Breech births, if not delivered from a caesarean section, can have fatal consequences for the mother’s child. This is a common problem for many women around the world; at 36 weeks pregnancy trained medical professionals, such as obstetricians, can offer external cephalic version (ECV) treatment that attempts to turn the baby around to the correct position prior to birth. For women in Nepal, there are many barriers that prevent access to this vital healthcare treatment. Firstly, for isolated communities across Nepal, the journey to effective medical facilities with professional staff can be an arduous and costly journey. Secondly, local health-post workers often have limited training in breech birth delivery that cannot support women to safe delivery if their child in the breech position. Thirdly, the lack of education in isolated communities means that often rural women are unaware of the benefits to healthcare check ups that can prevent complicated births, such as breech births. For many Nepalese women, breech births are an incredibly difficult experience that they face alone. These are just three of the potential barriers that prevent vital access to healthcare treatment.

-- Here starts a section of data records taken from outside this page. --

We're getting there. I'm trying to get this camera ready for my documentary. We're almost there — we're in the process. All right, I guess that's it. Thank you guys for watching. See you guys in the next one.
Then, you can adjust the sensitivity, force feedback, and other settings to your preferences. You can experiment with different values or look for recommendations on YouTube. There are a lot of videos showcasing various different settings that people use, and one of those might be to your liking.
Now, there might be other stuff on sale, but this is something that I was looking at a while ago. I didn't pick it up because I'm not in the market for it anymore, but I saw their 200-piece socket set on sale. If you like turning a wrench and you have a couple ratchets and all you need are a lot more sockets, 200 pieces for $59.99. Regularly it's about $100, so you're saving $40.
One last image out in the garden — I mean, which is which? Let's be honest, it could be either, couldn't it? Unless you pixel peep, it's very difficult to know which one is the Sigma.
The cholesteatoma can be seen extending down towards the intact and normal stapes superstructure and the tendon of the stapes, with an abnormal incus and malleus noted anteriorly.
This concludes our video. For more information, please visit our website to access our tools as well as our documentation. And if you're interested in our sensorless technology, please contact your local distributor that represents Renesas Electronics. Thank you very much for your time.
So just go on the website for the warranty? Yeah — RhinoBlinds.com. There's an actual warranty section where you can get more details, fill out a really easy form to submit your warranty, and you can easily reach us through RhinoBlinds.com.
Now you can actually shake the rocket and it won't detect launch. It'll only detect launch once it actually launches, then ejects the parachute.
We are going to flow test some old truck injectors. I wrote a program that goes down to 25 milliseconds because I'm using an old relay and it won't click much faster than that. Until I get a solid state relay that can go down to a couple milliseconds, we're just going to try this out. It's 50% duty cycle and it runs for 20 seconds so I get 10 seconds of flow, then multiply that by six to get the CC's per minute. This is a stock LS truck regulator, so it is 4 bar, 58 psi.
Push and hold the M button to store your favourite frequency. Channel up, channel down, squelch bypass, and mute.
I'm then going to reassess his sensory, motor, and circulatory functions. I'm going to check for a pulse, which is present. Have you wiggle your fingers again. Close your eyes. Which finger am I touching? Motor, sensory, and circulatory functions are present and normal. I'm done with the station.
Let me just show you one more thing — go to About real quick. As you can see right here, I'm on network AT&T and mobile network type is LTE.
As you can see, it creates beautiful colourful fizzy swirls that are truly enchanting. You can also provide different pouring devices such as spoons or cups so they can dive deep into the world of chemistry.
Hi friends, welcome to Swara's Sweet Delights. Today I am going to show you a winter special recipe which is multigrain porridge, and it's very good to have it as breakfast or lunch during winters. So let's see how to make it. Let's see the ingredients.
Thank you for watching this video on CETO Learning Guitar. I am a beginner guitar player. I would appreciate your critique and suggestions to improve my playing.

In order to tackle this problem, as part of PHASE’s health projects, local community health post workers have received training in supporting and delivering breech births. PHASE have provided training sessions and employment to local health workers to become PHASE Auxillary Nurse Midwifes (ANMs). The story of Sukmaya Gurung and her experience of child birth highlights the desperate need for better healthcare access and services for isolated communities in Gorkha. Sukmaya lives in Sridibas Village and during the latter half of her pregnancy, a PHASE ANM identified her baby was in breech position. The PHASE ANMs eased Sukmaya’s concerns and fears of her child’s safety, seeing her every week up until the due date. When the time came, a neighbour to Sukmaya walked for an hour and half to notify the PHASE ANMs, the ANMs then instantly travelled to the aid of Sukmaya. Through their training and commitment to help those in need, the ANMs were able to successfully deliver Sukmaya’s child. After giving birth, Sukmaya was able to hold her healthy son in her arms. It is important that this work continues, and more isolated villages can receive healthcare support that can mean the difference between life and death for isolated families in Nepal.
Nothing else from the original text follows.